Intro to Word XML Part 2: Simple Formatting

If you read Part 1 of the Word XML Introduction, you saw the basics behind a Word document, as well as how basic formatting can be applied. The Word XML schemas were designed to closely map the structures that Word uses internally to represent a document. A Word document is essentially a collection of text runs. Each text run has a collection of properties that describe how that text should be displayed. Often times a text run can be very long, and is broken out only when the paragraph ends.

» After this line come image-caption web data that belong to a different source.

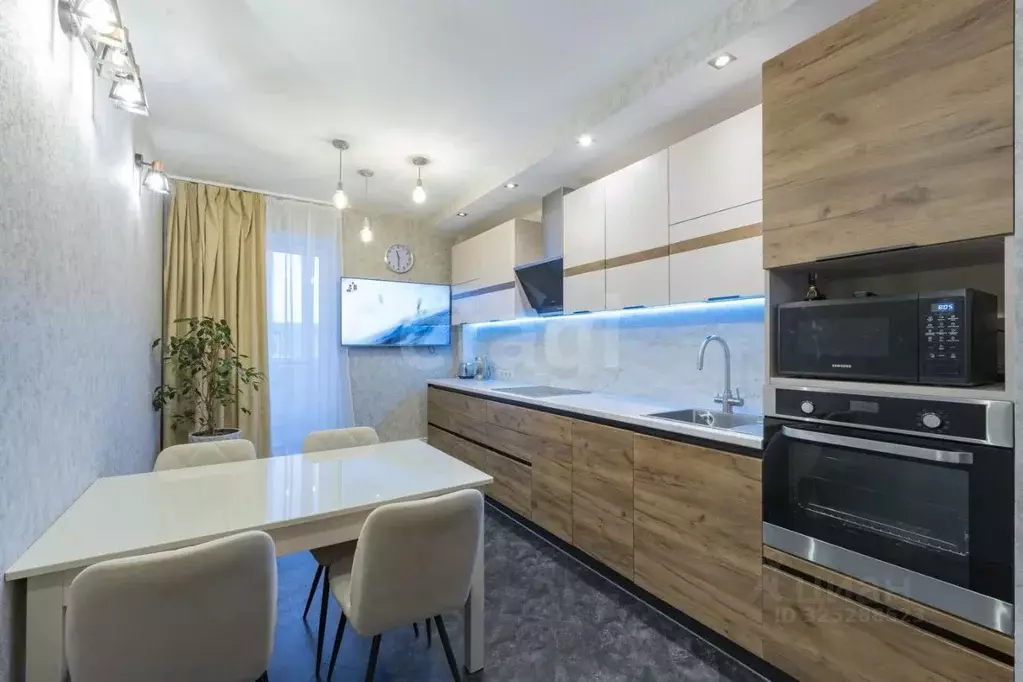 3-к кв. Пермский край, Пермь просп. Декабристов, 2 (84.9 м) - Фото 1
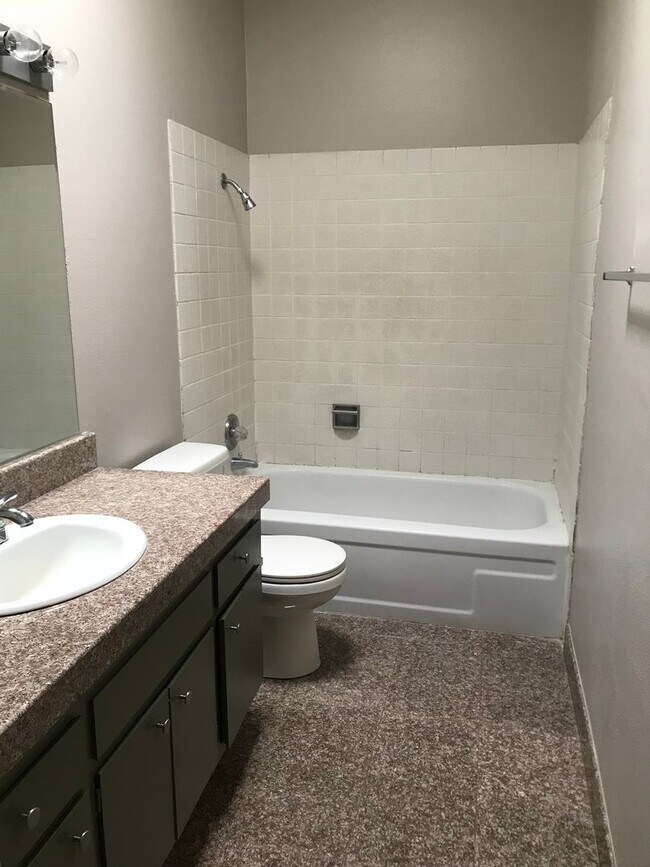 Building Photo - Lovely 3 bedroom 2 bath home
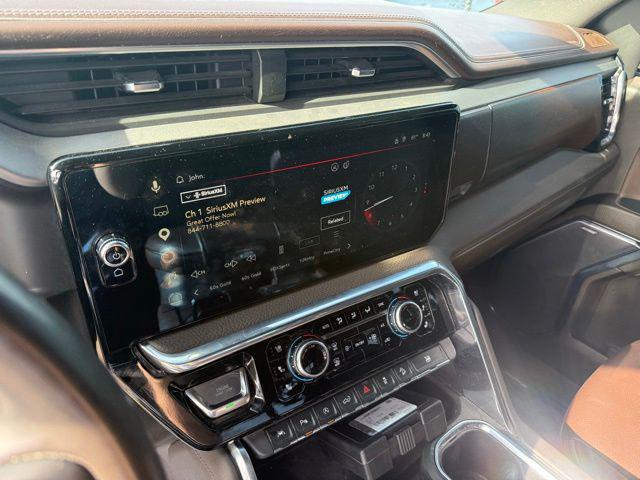 2024 GMC Sierra 1500 4WD Crew Cab Short Box Denali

If there is a bunch of text, and at some point the formatting changes, then the text run will need to be broken to account for that formatting. The reason for this is that Word doesn't apply formatting in a cascading way as is done in HTML. In Word, for the most part the formatting that is applied to text either comes from properties assigned to the paragraph, or to the text directly.

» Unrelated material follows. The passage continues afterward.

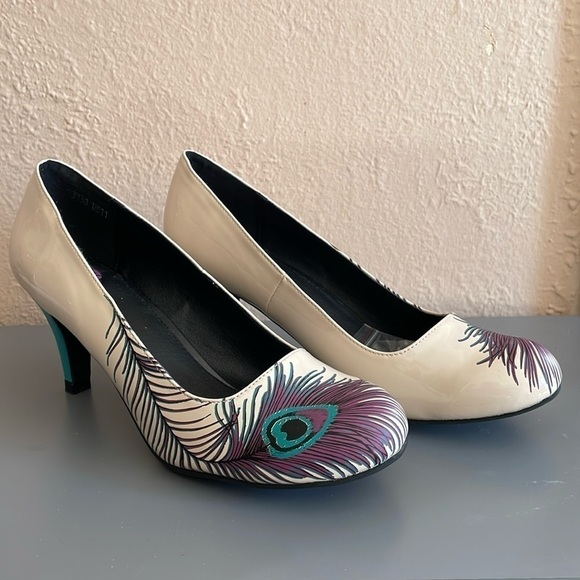Tuk peacock cream and teal colored heels Sz 11 - Picture 2 of 9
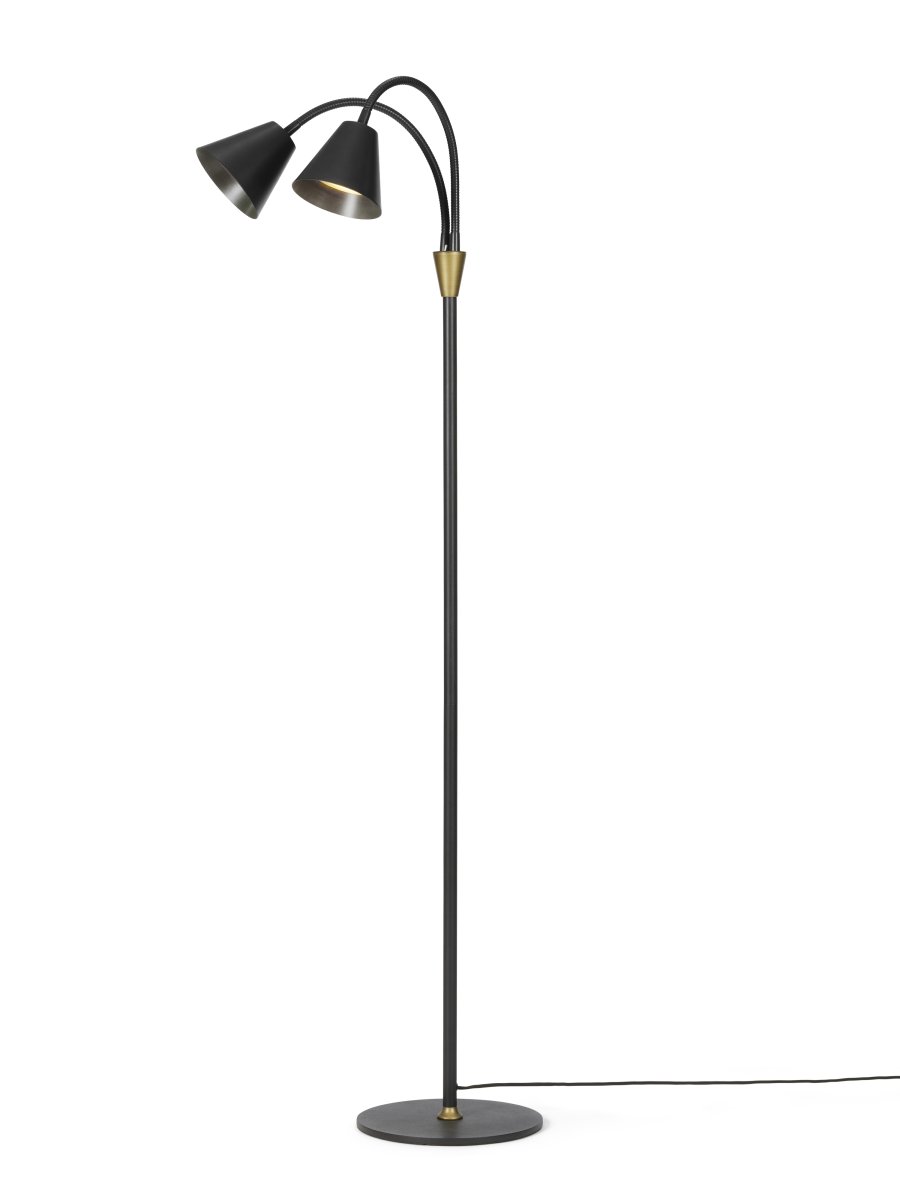  Hygge 2 Zwart vloerlamp Van Halo Design - Wordt geleverd met een 200 cm lange kabel met een aan/uit-schakelaar bovenop het messing detail, voor eenvoudig en handig gebruik.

Let's take an example to try to make this clear. As we saw in Part 1 of the Word XML Introduction, simple text like this: "My name is Brian Jones" would look like this in WordprocessingML:

<w:p>
<w:r>
<w:t>My name is Brian Jones</w:t>
</w:r>
</w:p>

I also showed how you could apply bold formatting to that entire run of text. What if we just wanted to apply bold formatting to a couple words though, so that it looked like this: "My name is Brian Jones". This is where you'll see differences between Word XML and HTML. In HTML, there would just be a <b> tag thrown around the text "name is". In Word, by applying that formatting, we've now created three separate runs of text. The HTML for this will look like [edit: "HTML" should have been "WordprocessingML"] :

<w:p>
<w:r>
<w:t>My</w:t>
</w:r>
<w:r>
<w:rPr>
<w:b/>
</w:rPr>

<w:t>name is</w:t>
</w:r>
<w:r>
<w:t>Brian Jones</w:t>
</w:r>
</w:p>

Go ahead and try this opening this in Word. Make sure you also include the wordDocument and body tags like we used in Part 1 of the Word XML Introduction.

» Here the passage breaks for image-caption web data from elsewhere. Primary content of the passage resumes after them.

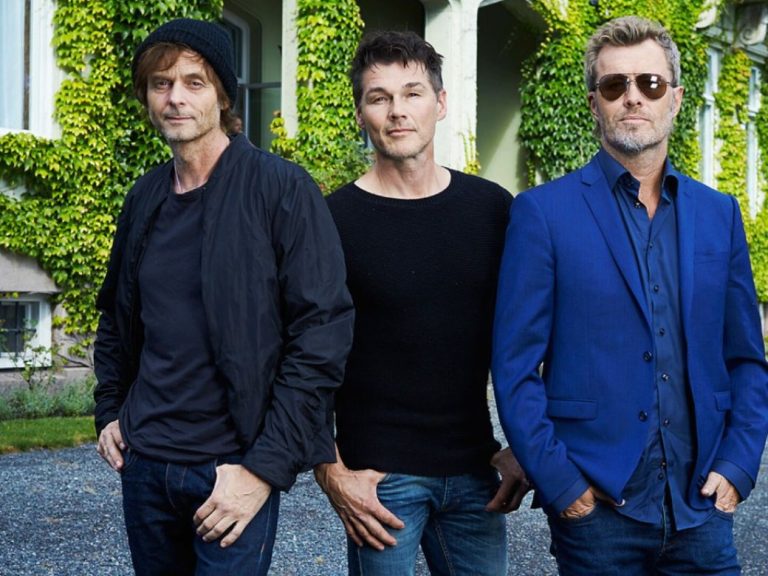 A-Ha’s Brilliant “Take On Me” Acoustic Version Will Surely Take You To A Trip Down Memory Lane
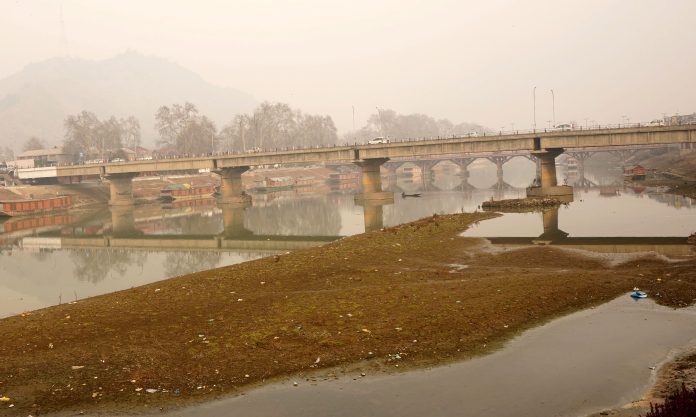 Night Temperature Improves In Jammu, Bone-Chilling Cold Continues In Kashmir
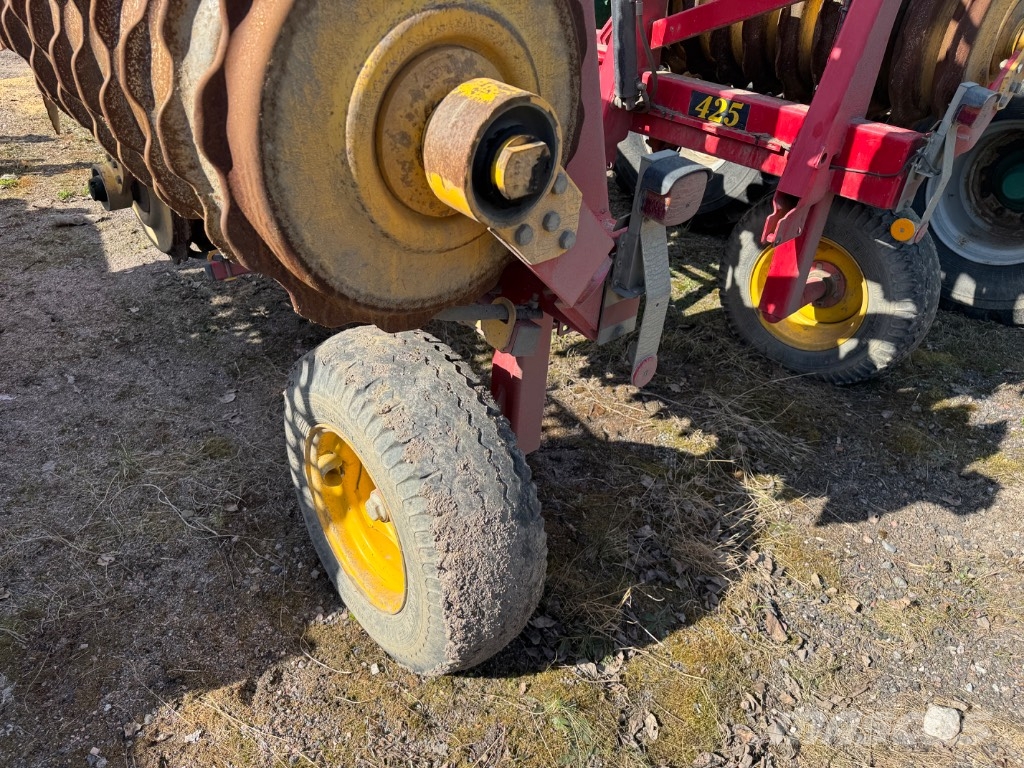 Väderstad Carrier425 Disc harrows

Did you notice any problems when you opened that file in Word? If you look closely (or maybe you see it clearly), there are no spaces between the runs, so the text looks like this: "Myname isBrian Jones". We just need to add some trailing whitespace to the first two runs, and also specify that the XML parser should preserve our whitespace. Update the XML so that it looks like this:

<w:p>
<w:r>
<w:t xml:space="preserve" >My </w:t>
</w:r>
<w:r>
<w:rPr>
<w:b/>
</w:rPr>
<w:t xml:space="preserve" >name is </w:t>
</w:r>
<w:r>
<w:t>Brian Jones</w:t>
</w:r>
</w:p>

You can specify to preserve space on the specific runs where it matters, or you can just declare it globally. It's up to you.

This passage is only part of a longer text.